REDEVELOPMENT PROJECT
A specific work or improvement to effectuate all or any part of a development plan.
URBAN REDEVELOPMENT CORPORATION
A corporation organized pursuant to Chapter 353, RSMo.; except that any life insurance company organized pursuant to the laws of, or admitted to do business in, the State of Missouri may from time to time within five (5) years after April 23, 1946, undertake, alone or in conjunction with, or as a lessee of any such life insurance company or urban redevelopment corporation, a redevelopment project pursuant to Chapter 353, RSMo., and shall, in its operations with respect to any such redevelopment project, but not otherwise, be deemed to be an urban redevelopment corporation for the purposes of Section 353.020, RSMo., and Sections 353.010, 353.040, 353.060 and 353.110 to 353.160, RSMo.

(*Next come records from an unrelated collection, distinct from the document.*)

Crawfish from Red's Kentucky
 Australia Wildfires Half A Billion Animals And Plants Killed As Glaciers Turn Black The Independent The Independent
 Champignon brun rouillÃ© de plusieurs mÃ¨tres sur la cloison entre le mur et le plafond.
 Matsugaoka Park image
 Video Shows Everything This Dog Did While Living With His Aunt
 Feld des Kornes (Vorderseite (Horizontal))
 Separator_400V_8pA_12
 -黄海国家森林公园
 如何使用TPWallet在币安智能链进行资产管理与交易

URBAN REDEVELOPMENT CORPORATIONS LAW
Chapter 353, RSMo., and any amendments thereto.
B. 
Words, not otherwise defined, shall have their common meanings. Words used in the present tense include the future; the singular number includes the plural and the plural the singular, unless the context clearly implies otherwise.
[R.O. 2011 §45.050]
A. 
Submission Of Application Form. Any redevelopment corporation proposing to file a development plan for approval by the City Planning Commission and the Board of Aldermen must first submit the proposed plan and supporting information and filing fee as provided below to the City Clerk/Treasurer for filing herein. Immediately after receipt of the filing of the development plan, the City Clerk/Treasurer shall forward the plan to the City Planning Commission and to the City Attorney. Such plan shall not be acted upon by the Board until after a public hearing thereon has been held by the City Planning Commission and a report on such plan submitted by the Commission to the Board.
B. 
Deposit Upon Filing Plan. No plan shall be accepted for filing unless it shall be accompanied by a deposit of three hundred dollars ($300.00) to be held by the City Treasurer and to be applied to the reasonable cost of the examining, inspectional and supervisory services required in connection with such plan as provided in this Chapter.
[R.O. 2011 §45.060]
A. 
Any application for approval of a development plan must be supported by factual evidence of blight.
1. 
Evidence must relate to the area generally.
2. 
Evidence must relate to each specific property proposed to be acquired; provided however, that the blighted area may include buildings, structures or improvements not in themselves blighted if the inclusion of such area is deemed necessary for the effective clearance, replanning, reconstruction or rehabilitation of the blighted area.
3.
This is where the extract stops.